Население Молдавии исповедывало православную веру, совершало богослужение на церковно-славянском языке, употребляло письменность русскую и, независимо от местного румунского наречия, во многих местах говорило языком днестровской и днепровской Руси. Множество природных русских, во времена татарщины и пограничных бедствий в XV и XVI веке, выселялось целыми осадами в Молдавию. С другой стороны, богатые молдаване, теснимые турками и деспотизмом самих господарей, приобрели имения в Брацлавщине, на Подолье, на Покутье, и делались подданными польского короля. Родственные, приятельские и торговые связи между молдаванами и населением русским были таковы, что Молдавия казалась пограничным панам другою Украиною Польского государства. Что касается до казаков, то между ними многие были природные молдаване, — волохи, как тогда говорилось. Даже за Порогами можно было найти людей, бежавших из Сороки, Ясс и других молдавских городов вследствие разных случайностей. Молдавские бояре служили также и в пограничном, так называемом подольском войске, которое состояло почти из одних русских. И наоборот, многие казаки-дворяне и казаки-мещане постоянно находились в службе у молдавского господаря Богдана, в качестве его телохранителей.

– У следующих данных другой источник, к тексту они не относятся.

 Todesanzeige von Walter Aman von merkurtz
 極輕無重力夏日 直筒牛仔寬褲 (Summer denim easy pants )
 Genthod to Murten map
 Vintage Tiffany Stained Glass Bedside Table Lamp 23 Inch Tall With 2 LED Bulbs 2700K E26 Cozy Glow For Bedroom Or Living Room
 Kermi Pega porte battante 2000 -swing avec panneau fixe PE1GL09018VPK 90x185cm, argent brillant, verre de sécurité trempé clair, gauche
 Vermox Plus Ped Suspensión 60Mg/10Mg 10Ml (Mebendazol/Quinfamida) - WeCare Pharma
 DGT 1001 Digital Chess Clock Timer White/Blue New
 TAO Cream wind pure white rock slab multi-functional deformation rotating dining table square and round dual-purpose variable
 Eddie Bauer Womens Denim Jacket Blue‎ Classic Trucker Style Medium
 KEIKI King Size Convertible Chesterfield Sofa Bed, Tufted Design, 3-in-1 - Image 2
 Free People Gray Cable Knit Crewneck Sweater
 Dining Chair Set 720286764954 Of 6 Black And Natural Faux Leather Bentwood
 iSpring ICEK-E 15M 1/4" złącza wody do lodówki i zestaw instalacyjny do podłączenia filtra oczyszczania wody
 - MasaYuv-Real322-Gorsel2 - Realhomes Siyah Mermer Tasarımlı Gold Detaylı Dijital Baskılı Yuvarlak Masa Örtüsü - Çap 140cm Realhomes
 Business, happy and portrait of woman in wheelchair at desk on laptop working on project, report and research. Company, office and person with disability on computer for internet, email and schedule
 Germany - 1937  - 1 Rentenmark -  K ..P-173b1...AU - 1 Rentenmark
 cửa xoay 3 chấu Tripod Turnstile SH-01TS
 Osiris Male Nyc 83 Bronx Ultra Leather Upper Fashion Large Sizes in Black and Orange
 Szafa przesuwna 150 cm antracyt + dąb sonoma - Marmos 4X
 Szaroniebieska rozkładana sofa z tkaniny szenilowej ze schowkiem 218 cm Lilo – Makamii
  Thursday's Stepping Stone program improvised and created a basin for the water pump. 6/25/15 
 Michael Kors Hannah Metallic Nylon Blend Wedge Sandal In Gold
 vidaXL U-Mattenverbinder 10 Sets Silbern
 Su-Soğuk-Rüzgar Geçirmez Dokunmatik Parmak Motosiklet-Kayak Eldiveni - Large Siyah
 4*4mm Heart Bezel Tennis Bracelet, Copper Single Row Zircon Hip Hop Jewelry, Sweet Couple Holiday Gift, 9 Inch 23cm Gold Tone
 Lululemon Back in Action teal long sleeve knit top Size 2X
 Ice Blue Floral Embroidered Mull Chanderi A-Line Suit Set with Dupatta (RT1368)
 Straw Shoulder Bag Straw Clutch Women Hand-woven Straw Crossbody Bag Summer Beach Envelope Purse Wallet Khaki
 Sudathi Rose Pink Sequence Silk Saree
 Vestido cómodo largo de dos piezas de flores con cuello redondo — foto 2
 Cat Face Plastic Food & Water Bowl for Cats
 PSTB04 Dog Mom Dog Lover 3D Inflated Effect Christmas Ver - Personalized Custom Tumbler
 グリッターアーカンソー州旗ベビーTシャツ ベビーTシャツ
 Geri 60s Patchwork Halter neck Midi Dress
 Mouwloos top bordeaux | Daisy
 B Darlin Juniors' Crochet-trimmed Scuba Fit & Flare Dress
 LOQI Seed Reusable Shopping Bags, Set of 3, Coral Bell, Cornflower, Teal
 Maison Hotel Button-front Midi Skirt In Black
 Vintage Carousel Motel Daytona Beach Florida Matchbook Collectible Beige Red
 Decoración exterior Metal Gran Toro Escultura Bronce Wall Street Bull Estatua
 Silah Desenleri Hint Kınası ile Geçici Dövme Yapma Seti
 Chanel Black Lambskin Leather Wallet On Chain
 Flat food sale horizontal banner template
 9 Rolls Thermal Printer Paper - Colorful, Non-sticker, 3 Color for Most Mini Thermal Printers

Сам Богдан был предан интересам Речи-Посполитой, готовился купить на Руси имения, чтобы в них поселиться, в случае ссоры с султаном, и состоял в родстве с русскими панами. Родная сестра его была замужем за Каспером Паневским, сыном жидичевского старосты; другую сватал у него знатный пограничный пан, Христофор Зборовский, а сам он был женат на дочери львовского хорунжего, Яна Тарла. Брак этот состоялся при посредстве пограничных воевод — русского Яна Язловецкого и подольского Николая Мелецкого, которым Сигизмунд-Август, по смерти Яна Тарла, вверил опеку над его дочерью. В основании родственных и дружеских связей Богдана с пограничными панами лежала мысль — возвратить Молдавии прежнюю независимость от турок. Эту мысль, без сомнения, поддерживали в нем его днестровские приятели, которые хотели заслонить Волощиною Речь-Посполитую от турок, "как щитом или стеною".